The price of gold surged past $800 an ounce for the first time today in one of the most hectic trading days ever.

Gold closed at $802 an ounce in New York, $58 higher than its close Wednesday.

In a day filled with wild price swings -- exacerbated by rumors of increasing military tension in the Middle East -- the price of gold fell to as low as $715 an ounce in early trading and then climbed to as high as $820 an ounce at one point this afternoon.

The prices of other precious metals skyrocketed as well. Silver closed up $3 an ounce to $48.70, while platinum jumped $35.70 to $918 an ounce.

The dollar, meanwhile, stayed out of the precious metals tray. It gained strength against most major currencies except the British pound.

While dealers reported that trading in foreign currencies was active, trading in precious metals was feverish, as it has been for the last month.

"I've never seen such violent price swings before," said one trader on the New York Commodity Exchange, the major U.S. gold market.

Gold started the day on the decline in Hong Kong and then Europe.

"People who have made literally millions of dollars in the last few weeks said to themselves, 'That's great,' and took some profits," according to Marc Berkowitz, with the gold trading firm of Sinclair & Co.

Only a month ago gold was selling for about $450 an ounce. The day after Christmas it passed $500 and a week later rose above $600. On Tuesday it crossed the $700 barrier.

Just before the U.S. gold markets opened today, London gold was trading for about $725. When the markets opened here the price nosedived from Wednesday's $744 close to as low as $715.

But then both in late London trading and in New York the price began to climb again. By 11 a.m. gold had surged to $750 an ounce in New York. London dealers set their afternoon consensus price at $750 as well.

"It was the fastest runup I'd ever seen. Except for this afternoon," said Berkowitz.

After trading in the $750 to $755 range until about 12:15 p.m., prices began to shoot up again. Before 1 p.m., the price touched $800. A few minutes later it hit $820.

"It was incredible. The price was going up $10 a crack. There were just no sellers. People were standing around offering to buy at $750, then $760, and on up," one trader said.

"It wasn't until the price got to $790 that there was any two-way trading at all. There were people who made $40 profit an ounce in 10 minutes," said Berkowitz.

Traders were apparently panicked by a series of reports and rumors that swept the Commodity Exchange, including one that had Chinese troops massing on the Afghanistan border and another that had the Soviet Union marching into Iran.

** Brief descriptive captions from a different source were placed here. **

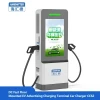 DC Fast EV Charger with 4.3 Advertising Inch LCD Screen Electric Vehicle Charging Station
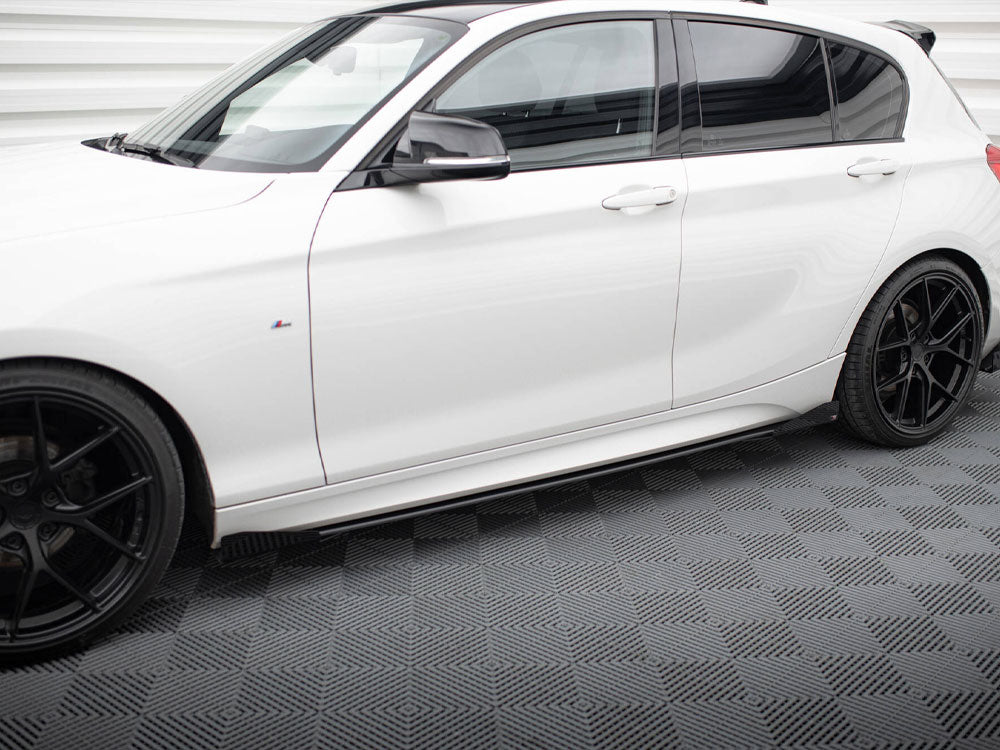 Side Flaps compatible with BMW 1 F20 M135i / M140i / M-Pack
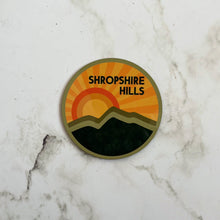 Load image into Gallery viewer, Shropshire Circular Coasters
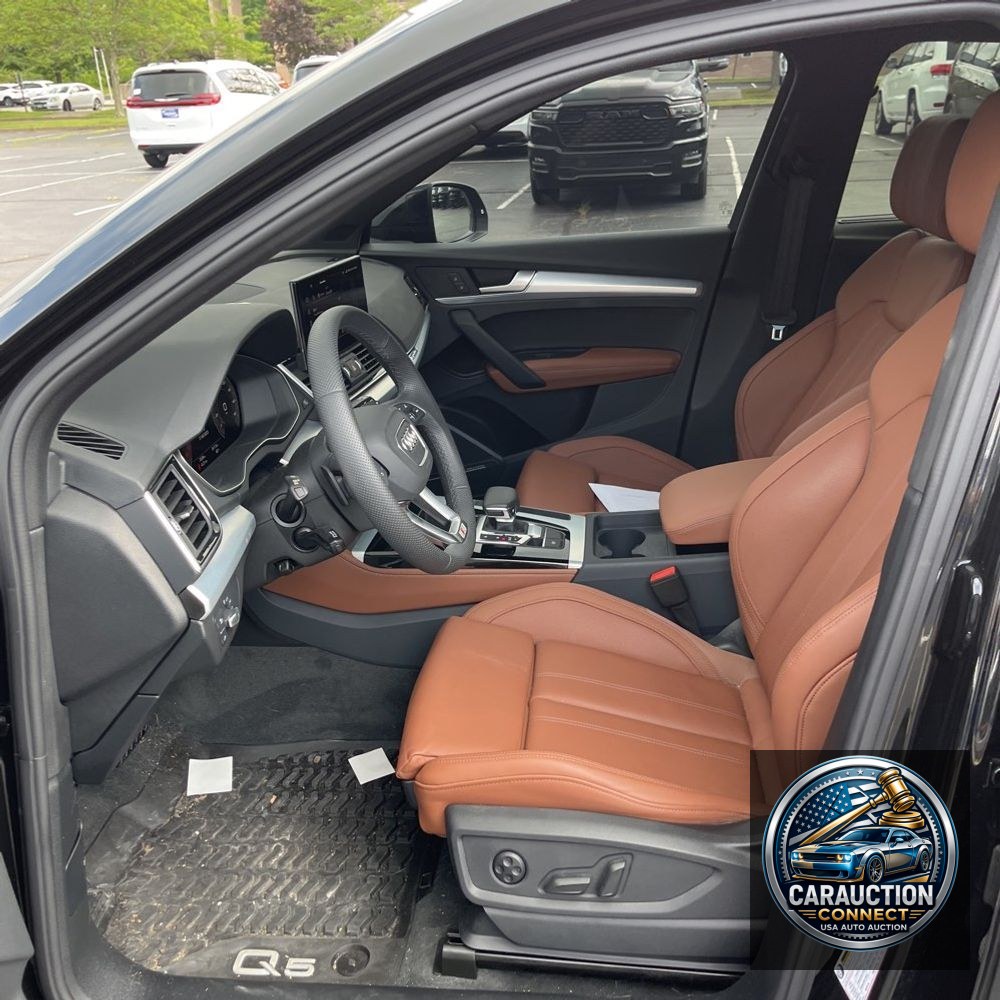 2025 Audi Q5 S-Line Prem+ 45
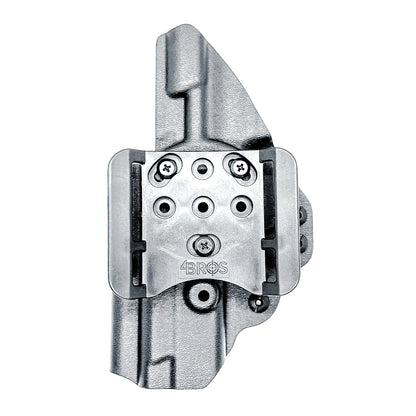 Outside waistband holster for Smith & Wesson M&P 5" Gen 1.0 and Gen 2.0 pistols – expertly crafted in the USA by Four Brothers Holsters.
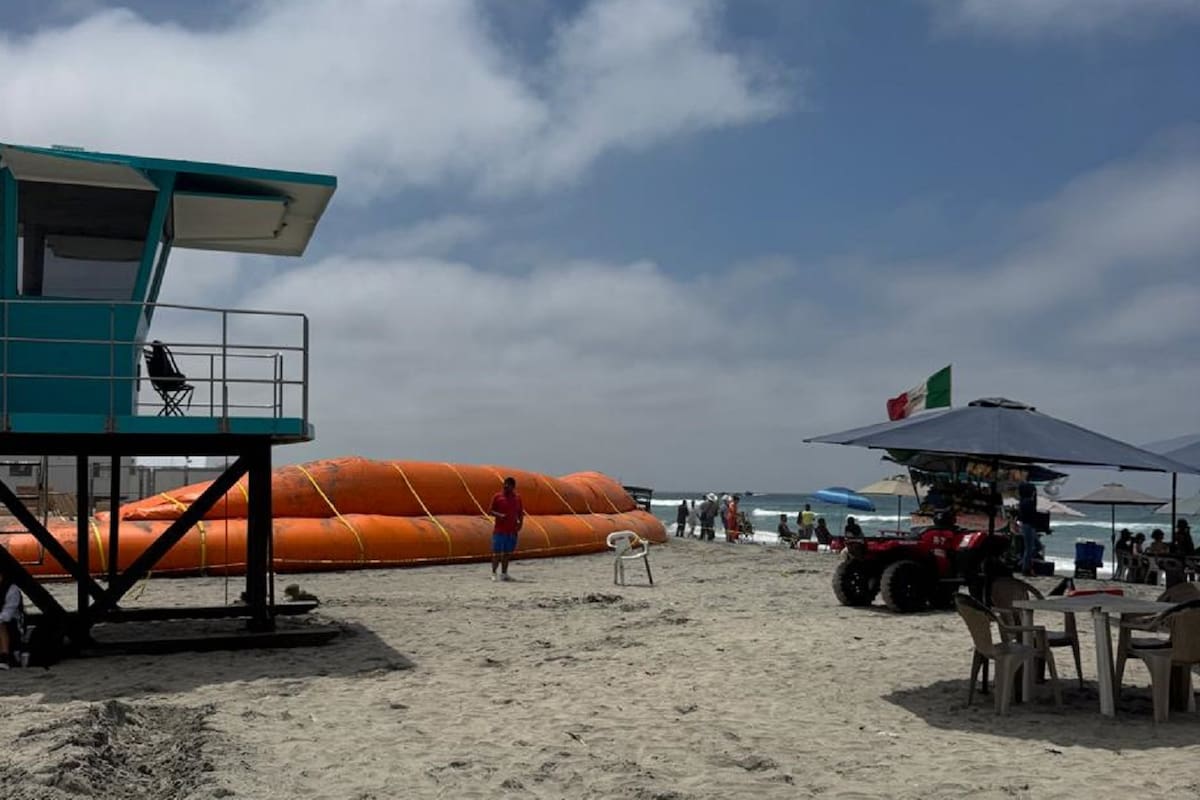 Vendedores de la playa en Rosarito viven una de sus peores temporadas; reportan ventas inferiores a las de la pandemia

"There were absolutely no confirmations of these rumors, but when markets are as nervous as these are, it doesn't take much to set them off," said one floor trader.

Analysts say that while the current price swings may be wilder than usual, the price of gold will continue to march upwards until there is a resolution of the crises in Iran and Afghanistan. Even then, they say, it is doubtful that the Middle Eastern investors who have been buying up much of the gold and hoarding it will sell any of their stash.

"you'll get your occasional fits of profit taking like we saw today, but fundamentally must gold buyers aren't buying it with a view to sell it at a handsome profit. They're buying it as an insurance policy, in case their regimes get shaky and they have to get out," according to one analyst.

Much of the gold buying is coming from the Middle East, oil rich countries like Kuwait and Saudi Arabia, analysts believe. But it is merely impossible to find out who is buying the gold, because big buyers operate through agents such as Swiss and German banks.

Treasury Secretary G. William Miller's statements Tuesday that the U.S. does not plan to sell any more gold in the near future has also contributed to this week's price boom.

The dollar, which suffered during gold binges of earlier years, continued to hold its own today as it has for the last several months. In West Germany, the dollar closed at 1.7233 marks, compared with 1.7215 marks Wednesday. The dollar could buy 1.5897 Swiss francs today, slightly more than the 1.5840 francs it was worth Wednesday. The dollar closed up sharply in Japan to 239.70 yen, compared with 237.90 yen Wednesday.

Only the pound gained against the dollar today, closing at $2.2772 from $2.2692 Wednesday.